- _WORK REQUEST_: Write out exactly every line from the one containing "330 N Oaklawn Avenue" through the final line of the material below, both included. Pictures are to be skipped.

- _RECORDED DATA_:

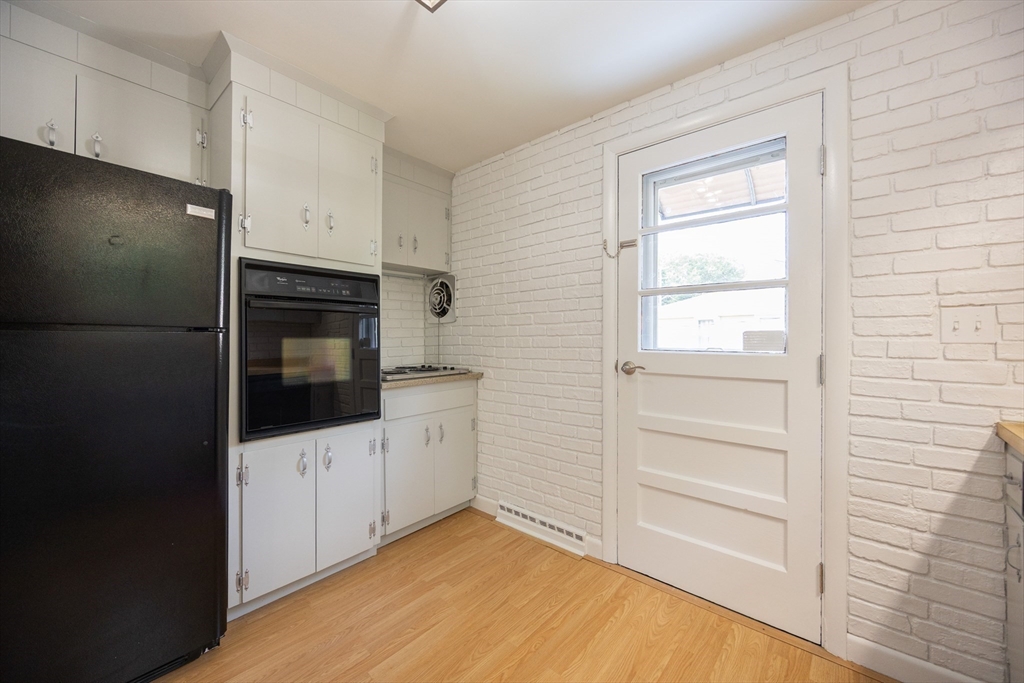 193 West St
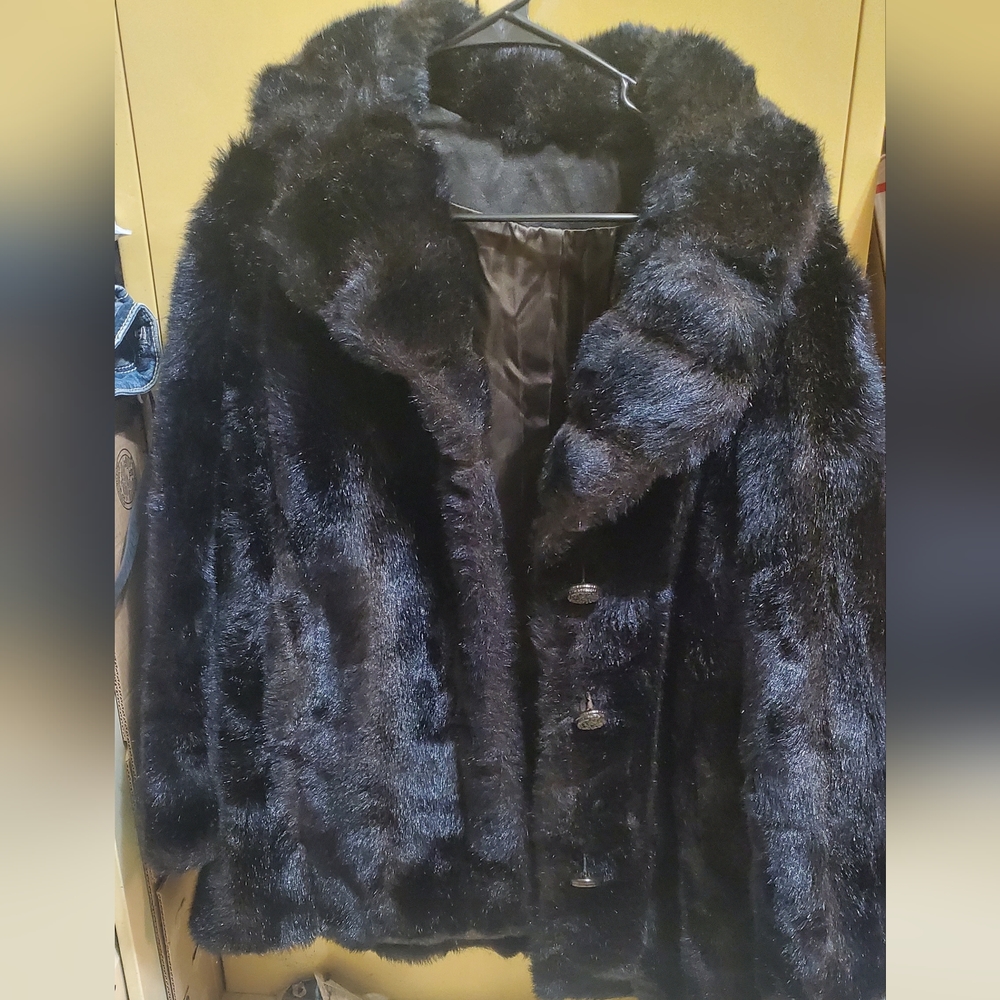 Vitage 1960s Betty rose coat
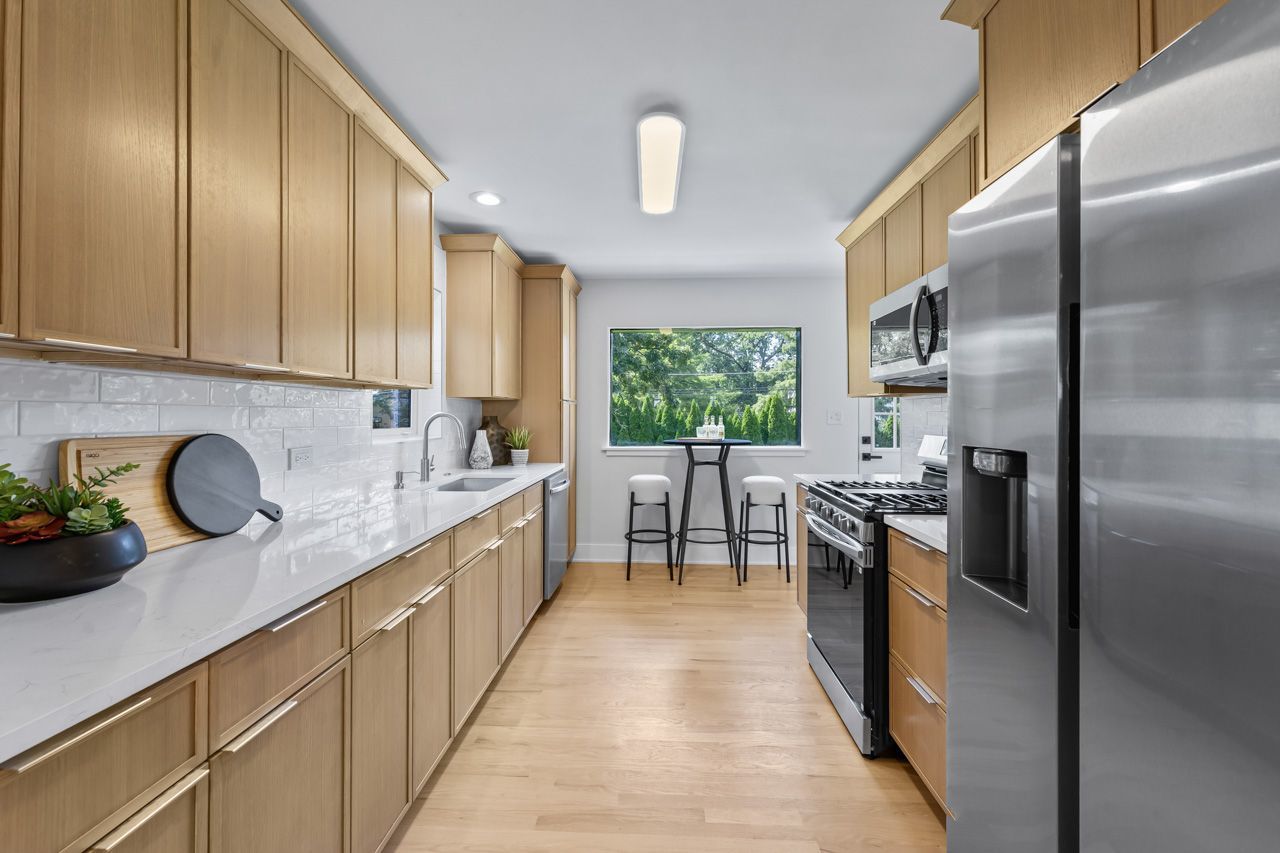 330 N Oaklawn Avenue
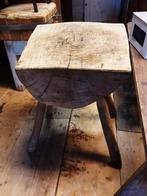 Oud hakblok slagersblok snijblok tafel bijzettafel brocante, Antiek en Kunst, Ophalen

- _RESPONSE BOX_:
 330 N Oaklawn Avenue
 Oud hakblok slagersblok snijblok tafel bijzettafel brocante, Antiek en Kunst, Ophalen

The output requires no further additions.